Clinical Assessments.

Confirmation of the diagnosis of schizophrenia in patients and the absence of mental health problems in controls was based on personal interview by qualified psychiatrists using the Structured Clinical Interview for DSM-IV Axis I Disorders.36 At baseline, the interview was supplemented by the Structured Clinical Interview for DSM-IV Childhood Diagnoses37 for patients aged less than 16 years. Additional information was obtained from parents, patients’ medical records, and treating physicians. Handedness was assessed by the Annett Handedness Questionnaire38 and parental socioeconomic status by the Standard Occupational Classification39 (categories condensed to 1 = professional or managerial, 2 = skilled or partly skilled, and 3 = unskilled or unemployed). Age of onset of schizophrenia was defined as the age when positive symptoms, either delusions or hallucinations, first manifested. Calculation of the number of hospitalizations during the follow-up period and information about medication was obtained from the patients, their parents, and medical notes. Psychopathology at baseline and follow-up was rated with the Positive and Negative Syndrome Scale (PANSS).40 Antipsychotic medication dosage was converted into chlorpromazine equivalents.

Cognitive Evaluation.

Both at baseline and at follow-up, patients were assessed when in clinical remission (defined as total PANSS positive symptom score less than 28) for at least 2 weeks having been on the same type and amount of medication for the same period of time.

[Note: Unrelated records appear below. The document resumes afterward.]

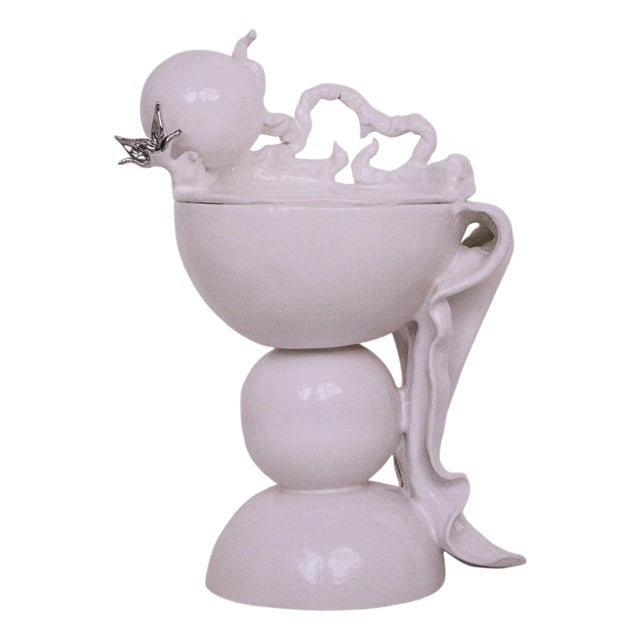 White Magic Stool by Lucile Gracile For Sale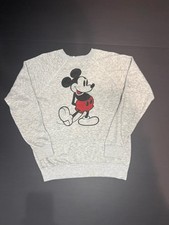 VTG Disney Mickey Mouse Vintage 80 s Sweatshirt Adult M Gray Sweatshirt Rare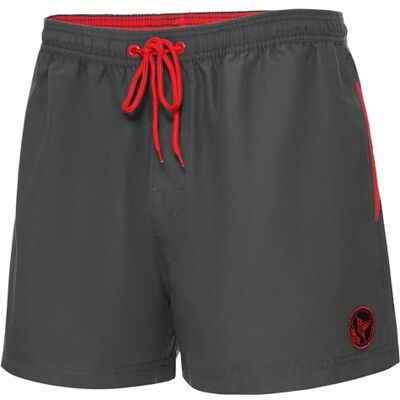 LA-LA40-199-SWS Ladeheid Męskie Kąpielówki Spodenki kąpielowe Szorty Plażowe LA40-199 (Grafit, 3XL) LA-LA40-199-SWS Ladeheid Męskie Kąpielówki Spodenki kąpielowe Szorty Plażowe LA40-199 (Grafit, 3XL)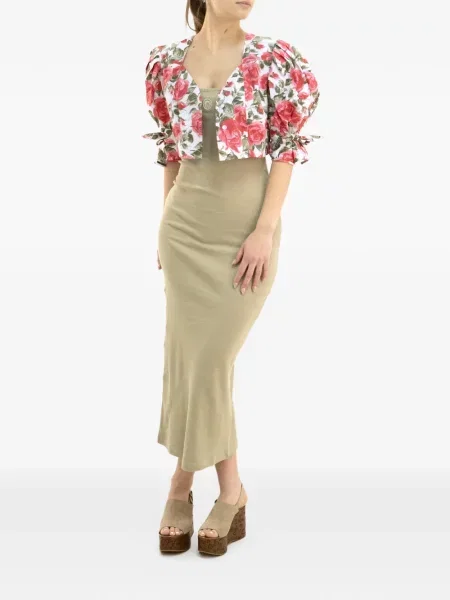Rochie midi Marine Serre cu broderie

Intellectual ability was assessed by age-appropriate forms of the Wechsler Intelligence Scales. The Wechsler Intelligence Scale for Children, Third Edition UK (WISC-III-UK)41 was administered to participants aged 13–16 years, and the Wechsler Adult Intelligence Scale-Revised (WAIS-R)42 to those older than 16 years. WAIS-R scores were converted into WISC-III equivalents derived from 16-year-olds tested with both instruments.41

Memory function was assessed using the Wechsler Memory Scale-Revised (WMS-R).43 For those aged 15 years (4 patients, 2 controls), index scores were estimated by reference to the youngest normative group (16- to 17-year-olds) because differences between the 2 age bands were presumed too small to distort interpretation of scores.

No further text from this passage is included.